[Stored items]
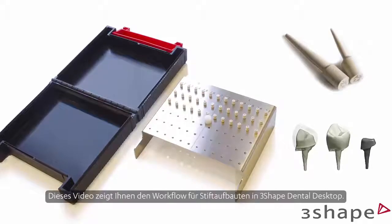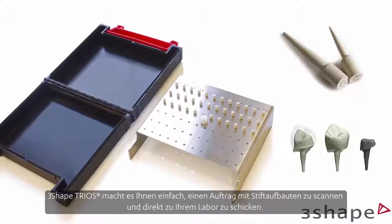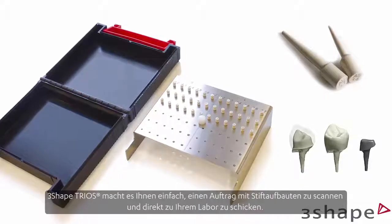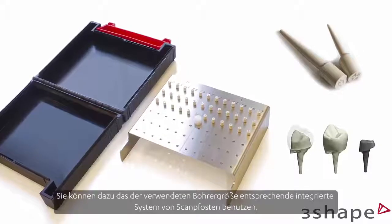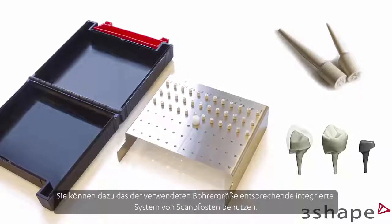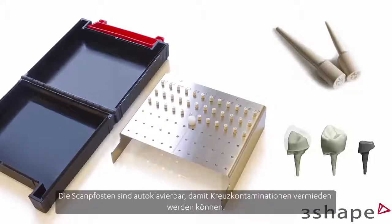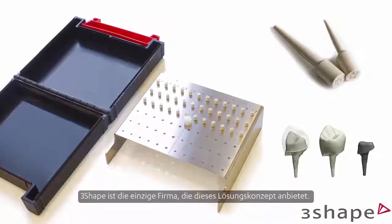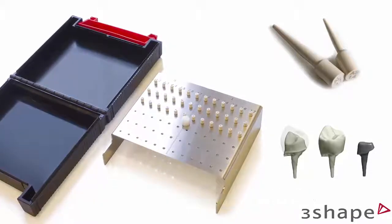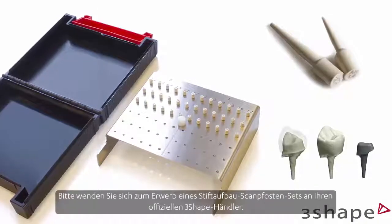This video will demonstrate the workflow for post and core in 3Shape Dental Desktop. With 3Shape Trios, it's easy to scan a post and core case and send it directly to the lab. You can do that using the integrated system of scan posts that correspond to the drill used. Scan posts can be autoclaved to avoid cross-contamination. 3Shape is the only company that supplies this solution. Contact your official 3Shape reseller to obtain a post and core scan post kit.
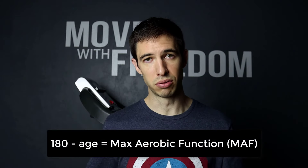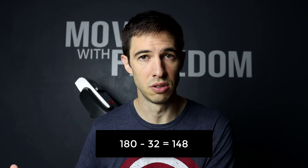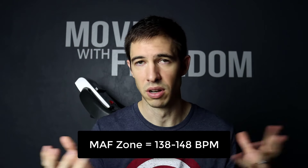There are differences between the two and one may be more appropriate for you. MAF training is basically: take the number 180, subtract your age, and that is your max aerobic function number — your MAF number. For me, 180 minus 32 gives a MAF number of 148. You live in about a 10 beat per minute zone, so 138 to 148 is my MAF zone. If you've been training for a long time, you can bump that up by 5 BPM, to 153.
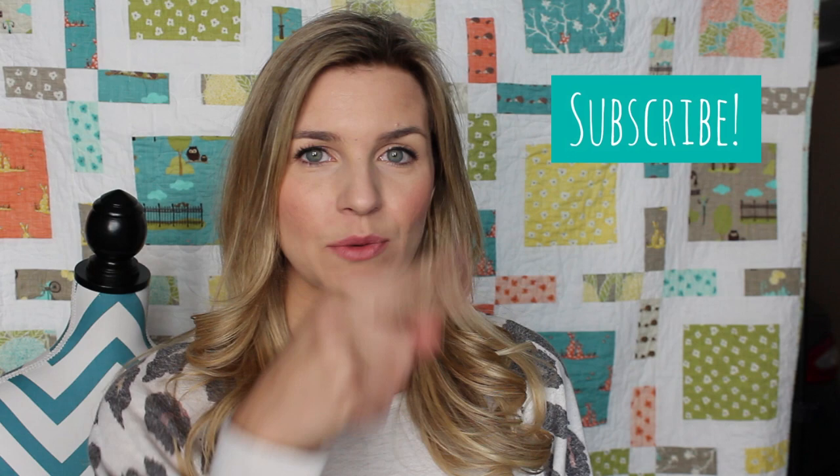Hey guys, this is Melanie. Welcome back to my channel, iHeartStitching. Don't forget to subscribe — I've got some really great tutorials and DIYs coming up, some really fun weekly crafty things, so the subscribe button will be right over here. This video is my sewing essentials video: the things I think you should invest in right away, but not too much, so you can get started without breaking the bank when you're just first getting started with sewing.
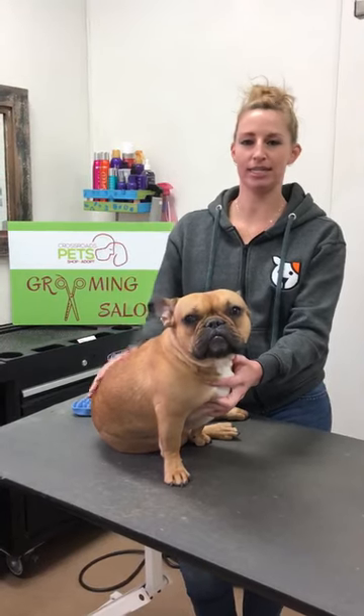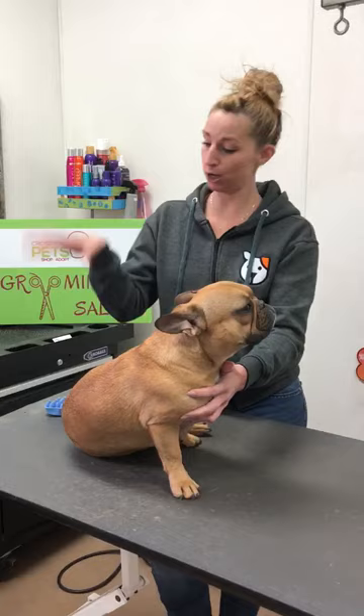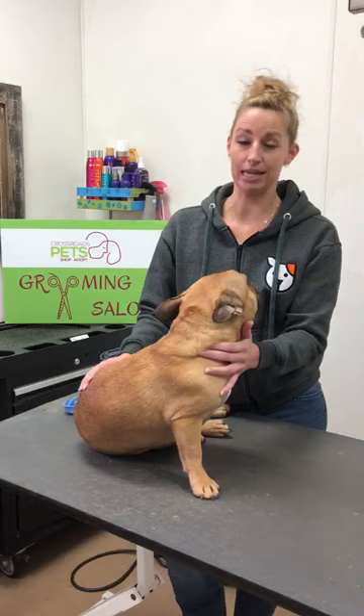Hi! Jesse again from Crossroads Grooming, and I'm going to show you how to take care of your short-haired dogs while the salon is closed. You can kind of take care of the hair that's falling off onto your carpets and your floors, which is super annoying. This is my dog, Hank the Tank Williams, and he sheds very much.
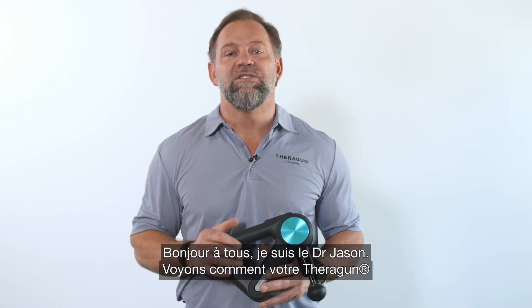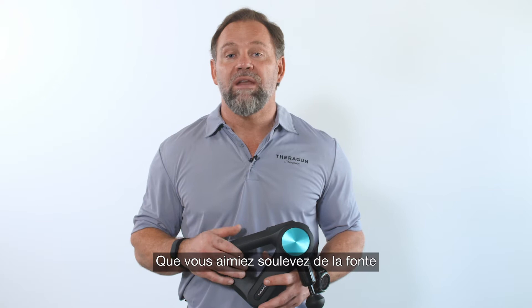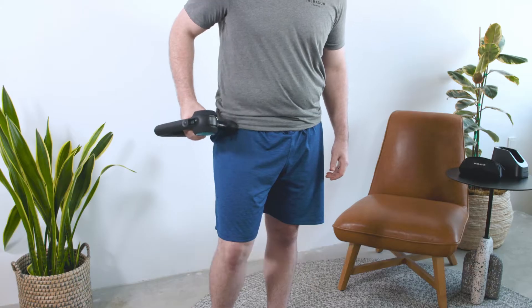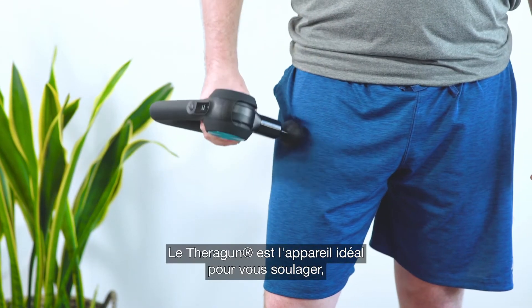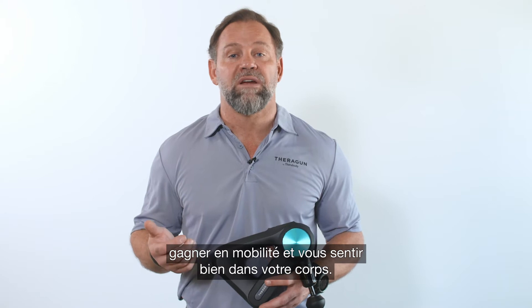Hey everybody, Dr. Jason here to teach you how to use your Theragun to treat your quad muscles. Whether you like weighted lunges or you're sedentary most of the day at your desk working, your quads can become stiff, sore and carry tension. The Theragun is an amazing device to help you find relief, increase mobility and get the most out of your body.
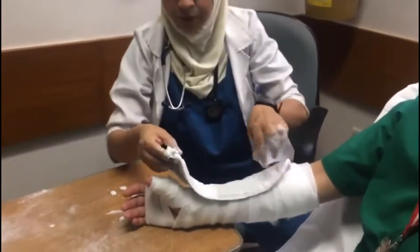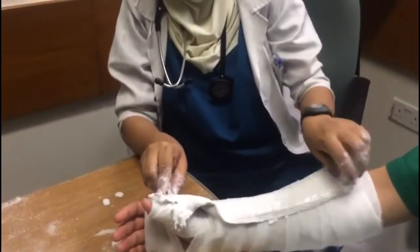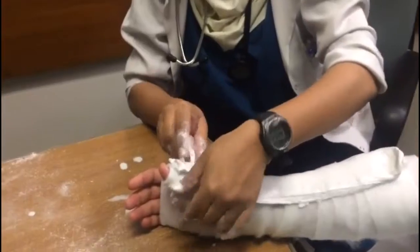Let it rest to allow the plaster to set for five to ten minutes. I like to tear my splint into three sections, forming a W shape.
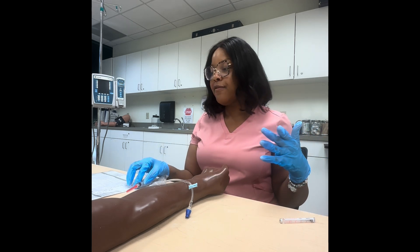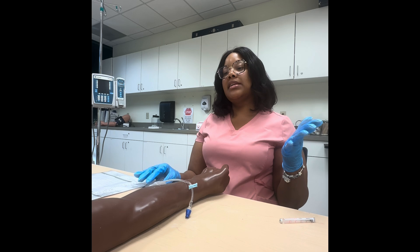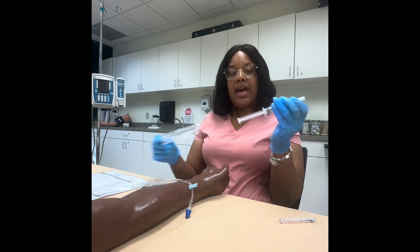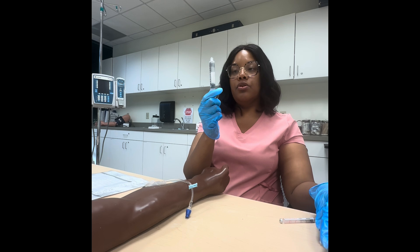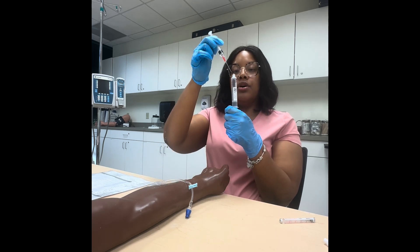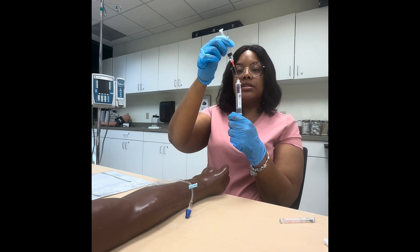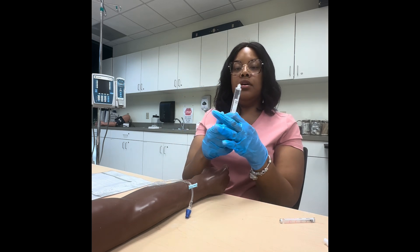Per our facility's policy, the MAR says we have to dilute our morphine with 10 mLs of normal saline and push it over four to five minutes. We have another syringe — pull it back and insert our drawn-up medication into it using the blunt tip needle inside the saline syringe.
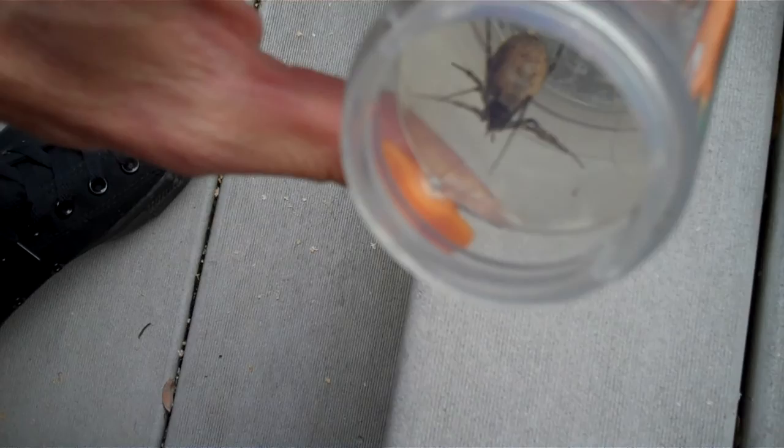This one was down by where I raise my mealworms for feeding wild birds during the winter. One of the coolest things ever. This thing's big — basically that's how big it is, right, that size.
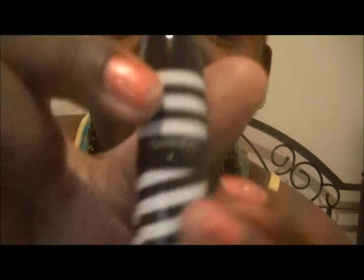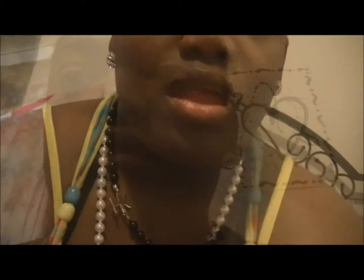The lipstick is a frost called 'To Catch a Sailor' — it came out with MAC. It's basically a golden-ish frosty color. So this is 'To Catch a Sailor' lipstick and Rhythm Lipglass that I'll be using, and I'll be pairing both of those together.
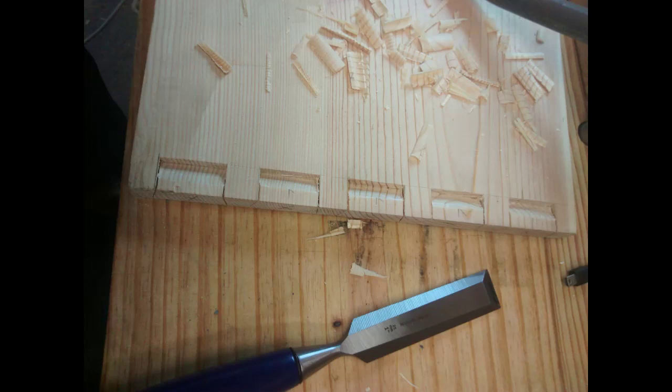I had some camera problems and didn't get the footage of actually chopping the waste out, but I used the other better method that doesn't use a coping saw. This is just a picture of that method. Like I said before, you basically lay the board down flat, don't use the coping saw at all, then just chop down with your chisel — chop a straight line down from the baseline and then make a V-shaped cut through the waste. Eventually, it's almost like chopping down a tree — that waste just kind of falls out and it makes a really clean joint inside the pin or the tail.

*Aim of the task*. What should come back is an exact copy of the lines above from the line with "Per our facility's" to the line with "The lipstick is", both included, minus the pictures.

*Final answer*.
Per our facility's policy, the MAR says we have to dilute our morphine with 10 mLs of normal saline and push it over four to five minutes. We have another syringe — pull it back and insert our drawn-up medication into it using the blunt tip needle inside the saline syringe.
This one was down by where I raise my mealworms for feeding wild birds during the winter. One of the coolest things ever. This thing's big — basically that's how big it is, right, that size.
The lipstick is a frost called 'To Catch a Sailor' — it came out with MAC. It's basically a golden-ish frosty color. So this is 'To Catch a Sailor' lipstick and Rhythm Lipglass that I'll be using, and I'll be pairing both of those together.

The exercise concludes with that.